I presented some of the findings of our work on the G8 dementia summit to the Digital Leaders the other week. The story I had to tell was about sustained open policy engagement over many months, using a range of digital techniques and channels - end to end digital engagement.
But I was surprised by how many of the comments in the meeting and afterwards were not about that at all. They were about the fact that we used a non-GOV.UK hosted page to present the live content on the day of the summit, rather than the GOV.UK topical event content format.
I've been talking to a few people recently about the proposition for GOV.UK. I have a fairly minor role in the work to refresh it, and I'm not sure what the final result will be, but I hope that a refreshed statement of what GOV.UK is for will be bold, clear and short.
It'll be tempting to use a refreshed proposition statement to describe every version of every type of service and every type of content. Or to use it to provide comprehensive answers to particular issues raised by people (like me) in departments and agencies.
But I reckon there are only really 4 or 5 broad types of thing that GOV.UK is for, and that they are relatively easy to describe. If a short statement of the proposition describes them well it will be memorable, and therefore useful.
And it should be possible to use those 4 or 5 things to guide decisions about what goes on GOV.UK and what does not, and what is prioritised for development. If a thing is consistent with the proposition, then GOV.UK is the default place for it. If it's not it's not.
But there is a grey area. What if something is consistent with the proposition for GOV.UK, but the GOV.UK platform can't support it? What if there isn't yet a content format that meets the user need?
Just because a good idea hasn't been prioritised for GOV.UK yet doesn't mean that work should stop until it has.
Since we moved the old dh.gov.uk site to GOV.UK last year we have always retained a platform to host the handful of things that GOV.UK isn't ready for yet. We use it to host the kind of things that we're expecting to be able to do on GOV.UK at some point.
When we have a new need (as we did recently when we needed to publish the government response to the Francis Inquiry - a document with 290 recommendations and responses, for which existing GOV.UK formats weren't suitable for meeting our users' needs), we do the work, fill in a form, and if the case is clear but the need can't be met in time by the GOV.UK team, we find a way to do it ourselves.
We're about to commission some work to rationalise and improve the ways we present this kind of pre-GOV.UK content. The list of things we need is short, and I expect it to get shorter over time.

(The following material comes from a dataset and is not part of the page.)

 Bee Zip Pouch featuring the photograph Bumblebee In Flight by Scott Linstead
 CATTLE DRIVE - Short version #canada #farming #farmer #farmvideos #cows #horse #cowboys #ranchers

At the moment it only includes:
- complex publications, particularly non-linear publications that we expect people to need to read, or refer to, in different ways (like the Francis response or our Autism strategy)
- commentable documents, for consultations or government led engagement exercises (like our official consultations, or like the engagement site we used to invite responses to the Vulnerable Older People's Plan, or the site we used to invite clause by clause comments on the draft Care and Support Bill)
- policy campaign landing pages, for government led campaigns that are run in partnership with others, and for which content comes from a range of sources (effectively the need here is for landing pages containing curated content on a subject, from GOV.UK itself, but also from exempt NHS sites and other partners)
For now, our task is to make sure that anything we do in this way meets GOV.UK style, design and other standards, and that it is integrated as far as possible with related content.
If I'm right that all of the above will be consistent with the refreshed proposition, I'd expect our non-GOV.UK platform to be unnecessary sooner or later.